Com 18 assinaturas e expectativa que número ultrapasse os 21 necessários com quórum da própria oposição, o autor do requerimento para instalação da Comissão Parlamentar de Inquérito (CPI) do Planserv, o deputado estadual Leandro de Jesus (PL), antecipa pressupor não haver interferência do Governo Estadual, que possui maioria na Casa, no colegiado, diante do apelo por melhorias do plano de saúde de mais de 500 mil servidores estaduais, conforme ele mesmo destaca.

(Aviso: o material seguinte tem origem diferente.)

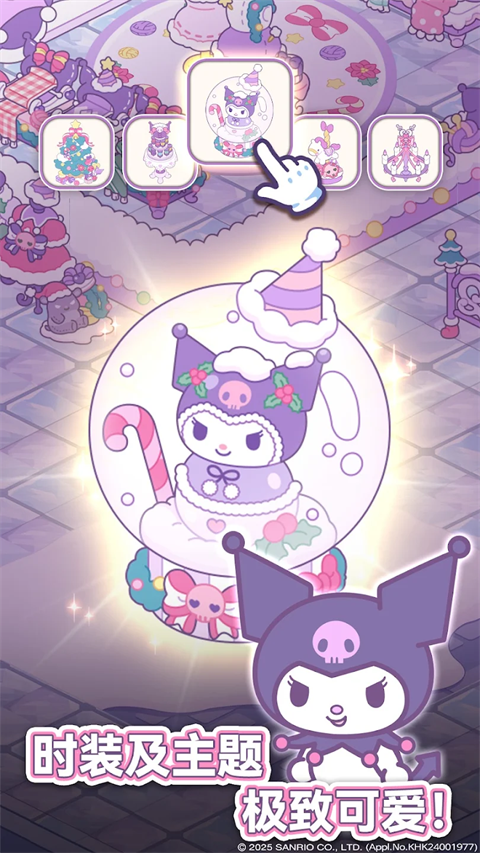 凯蒂猫我的梦之店免费版图5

“Está claro que existe uma crise no atendimento do Planserv. As reclamações por parte dos beneficiários vão desde a dificuldade de marcação de consultas, exames até a falta de atendimento de emergência, o que tem deixado os usuários em situação precária, de verdadeira insegurança. E nossa obrigação não é apenas investigar esse mérito que coloca vidas em risco, mas também a questão que, inclusive, o Ministério Público do Estado da Bahia (MP-BA) já ingressou com uma ação civil pública com pedido de liminar na qual pediu a nulidade do processo de contratação do grupo Hapvida para gerir o plano. Portanto, esperamos que o governo não interfira neste papel da Assembleia Legislativa da Bahia (Alba) de investigar e legislar, buscando soluções neste caso específico”, conclamou Leandro de Jesus.

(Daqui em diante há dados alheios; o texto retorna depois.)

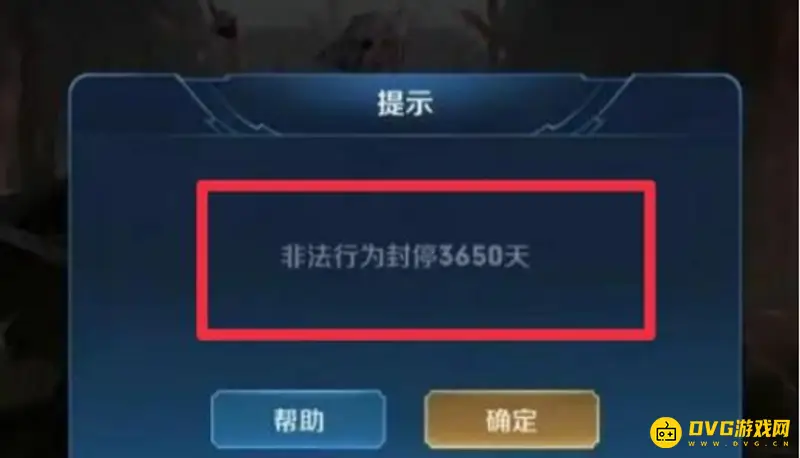 《王者荣耀》透视外挂封号概率解析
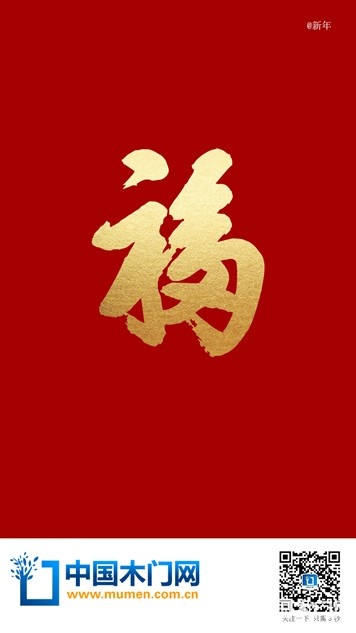 中国木门网新年节日图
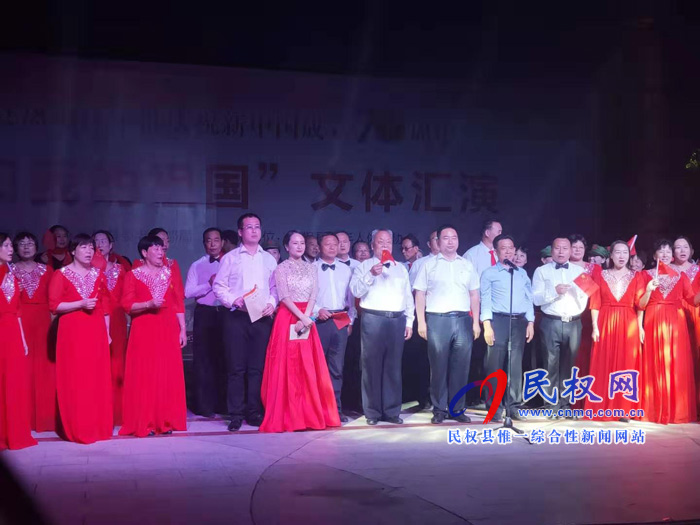 民权县举办离退休干部庆祝新中国成立70周年“我和我的祖国”文体汇演 民权县举办离退休干部庆祝新中国成立70周年“我和我的祖国”文体汇演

Ele ainda chamou atenção para a retirada de assinatura por parte do colega petista Júnior Muniz, classificada nos corredores da Alba, como jogo de cena para cobrar mais atenção do líder do governo Rosemberg Pinto (PT), que não teria lhe comunicado pessoalmente para que não assinasse a CPI. O contato foi feito pela secretária da liderança. Mas, reitera como certo o apoio de outros parlamentares, com otimismo de ultrapassar o número necessário para a criação da CPI.
Nos bastidores, no entanto, segundo informações chegadas ao bahia.ba, os olhares se voltam para o comportamento de Vitor Azevedo, do PL, correligionário de Leandro de Jesus, e Hilton Coelho, do PSOL, contumaz defensor das causas dos servidores.

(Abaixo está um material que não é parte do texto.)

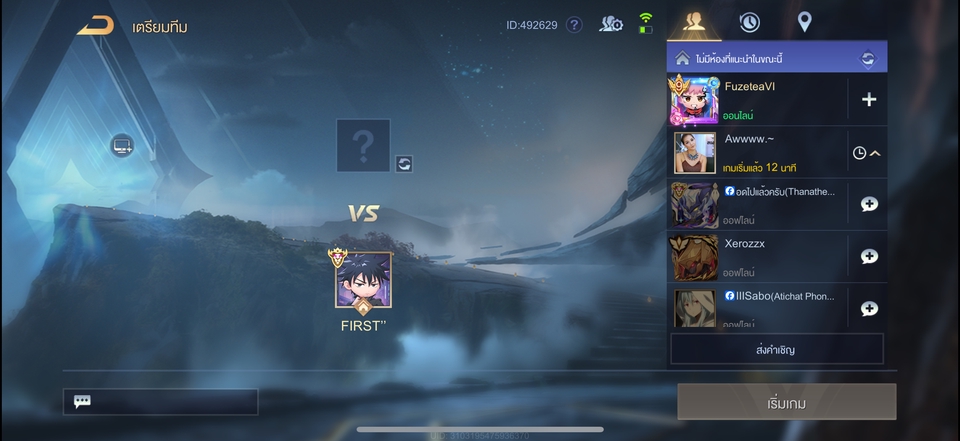 หาเพื่อนเล่นROV หาตี้แรงค์ROV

Vitor Azevedo, apesar de PL, e Raimundinho da JR, também integrante do Partido Liberal, são tidos como cota do governador Jerônimo Rodrigues(PT), ainda que extraoficialmente. Raimundinho e a pessedista Cláudia Oliveira já assinaram o documento.
A maior parte veio da bancada do União Brasil, com oito: Alan Sanches, Katia Oliveira, Junior Nascimento, Luciano Simões Filho, Manuel Rocha, Pedro Tavares, Sandro Régis e Robinho. Na sequência, vêm Pablo Roberto, Jordavio Ramos e Tiago Correia (PSDB), Diego Castro (PL), Emerson Penalva (PDT), Pancadinha (SD) e Samuel Júnior (Republicanos).
Na história da Alba CPI alguma prosperou, sob a justificativa, na maioria das vezes, de que tem enfoque eleitoreiro.